Die Ortsgruppe Schwäbisch Hall von Solidarität International e.V. beteiligt sich an einer Sammelaktion für Flüchtlinge und Einwohner auf der griechischen Insel Lesbos. Abgegeben werden können ab sofort Nähmaschinen, Stoffe, Zubehör und Material. Sammelpunkt ist bis 26. April 2020 bei Wilhelm Maier, Hopfengarten 3, 74523 Schwäbisch Hall, Telefon 0791-6681.

Von Solidarität International e.V. Schwäbisch Hall

Transport nach Griechenland

Wilhelm Maier wird die gesammelten Sachen nach Heilbronn fahren, von dort aus gehen sie zur zentralen Sammelstelle und werden dann nach Griechenland transportiert.

Aufruf des Frauenverbands Courage e.V., Gruppe Heilbronn, Achtungstrasse 37, 74072 Heilbronn:

Ein Band der Solidarität über Grenzen hinweg knüpfen!

Soforthilfe für Flüchtlinge und Bewohner der Insel Lesbos/Griechenland!

Auflösung der Flüchtlingslager auf den griechischen Inseln der Ägäis!

Eine tödliche Bedrohung

42 000 Geflüchtete, davon 5000 Kinder, sind unter erbärmlichsten Bedingungen in den völlig überfüllten Lagern auf den griechischen Inseln zusammengepfercht, 20 000 allein in Moria auf Lesbos. Ihre Lage spitzt sich täglich zu. Einen wirksamen Schutz gegen das Corona-Virus gibt es nicht – eine tödliche Bedrohung. Die Lager müssen sofort aufgelöst und alle Flüchtlinge in sicheren Orten untergebracht werden.

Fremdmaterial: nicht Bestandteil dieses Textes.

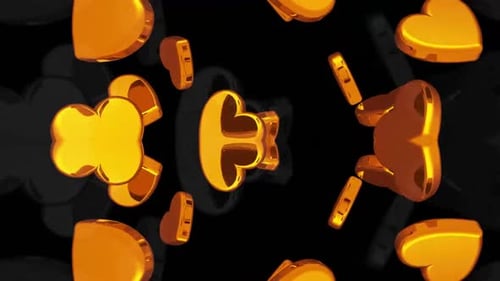 Golden Hearts Rotating Kaleidoscope Pattern Loop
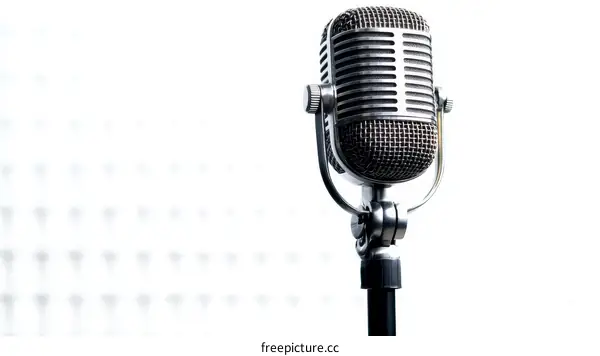 Vintage Microphone on White Background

Einheimische und Flüchtlinge organisieren sich gemeinsam

Ausländische Hilfsorganisationen zogen fast alle ihre HelferInnen ab. Griechische Freiwillige, Bewohner/innen von Lesbos und Flüchtlinge arbeiten zusammen. Sie halten nach Möglichkeit Ordnung im Lager, lehren die Kinder so gut es geht hygienische Maßnahmen einzuhalten, unter diesen Bedingungen fast ein Unding. Sie halten das Leben notdürftig aufrecht. Michalis Aiwaliotis, seit Jahren ehrenamtlicher Helfer im Lager Moria, berichtet von drei Projekten: Nähen von Gesichtsmasken, Organisierung von Tankwagen mit Trinkwasser, Beschaffung von Hygieneartikeln und Lebensmitteln und Seifenproduktion aus Olivenkernen.

Diese Selbstorganisation braucht unsere dringende Unterstützung. Jetzt sofort!

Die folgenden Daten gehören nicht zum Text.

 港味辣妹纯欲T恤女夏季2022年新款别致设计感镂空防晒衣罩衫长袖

Die Solidaritäts- und Hilfsorganisation „Solidarität International“ hat mit der Selbstorganisation der Flüchtlinge und Bewohnern auf Lesbos „OXI – Lesbos resists Corona“ einen Solidaritätspakt geschlossen. Er enthält die Verpflichtung, sowohl politisch für die sofortige Auflösung der Lager einzutreten, als auch nach Kräften sofortige, konkrete Hilfe zu leisten. Eine Spendensammlung läuft schon seit einigen Tagen gut an, die ersten Beträge sind überwiesen.

Nähprojekt unterstützen

Der Frauenverband Courage unterstützt dieses Projekt aus vollem Herzen!
Das Nähprojekt ist bereits erfolgreich, braucht aber noch viel mehr Nähmaschinen, Stoff und Zubehör.Der Frauenverband Courage hat sich verpflichtet, eine bundesweite Nähmaschinen- und Stoffsammlung zu organisieren. Von Hamburg aus wird der Transport starten, sobald die erste Palette voll ist!

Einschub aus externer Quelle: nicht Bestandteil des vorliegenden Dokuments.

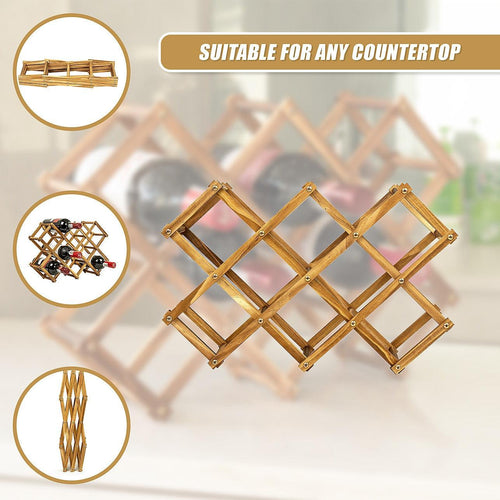 Wooden Wine Rack Freestanding 10 Bottles Countertop Storage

Nähmaschinen aus dem Keller holen

Sicher gibt es bei vielen Menschen noch eine funktionierende Nähmaschine in Kellern, die so eine sinnvolle Verwendung bekommen. Oder Stoff und Nähzubehör (Garn, Gummiband, Schrägband, Scheren, Nähmaschinennadeln usw.).

„Spendet funktionierende Nähmaschinen, Stoffe und Nähzubehör für das Nähen von Gesichtsmasken“

Auch selbst hergestellte Gesichtsmasken sind willkommen. Courage-Frauen werden unter den schwierigen Bedingungen der Ausgangsbeschränkungen an ihren Orten unter Einhaltung der Sicherheitsbestimmungen dafür sorgen, dass die gespendeten Gegenstände abgegeben werden können oder abgeholt werden. Sie sorgen für ordnungsgemäße Verpackung für den Transport nach Moria. Auch Geldspenden für die Transportkosten oder für Einkäufe vor Ort sind willkommen.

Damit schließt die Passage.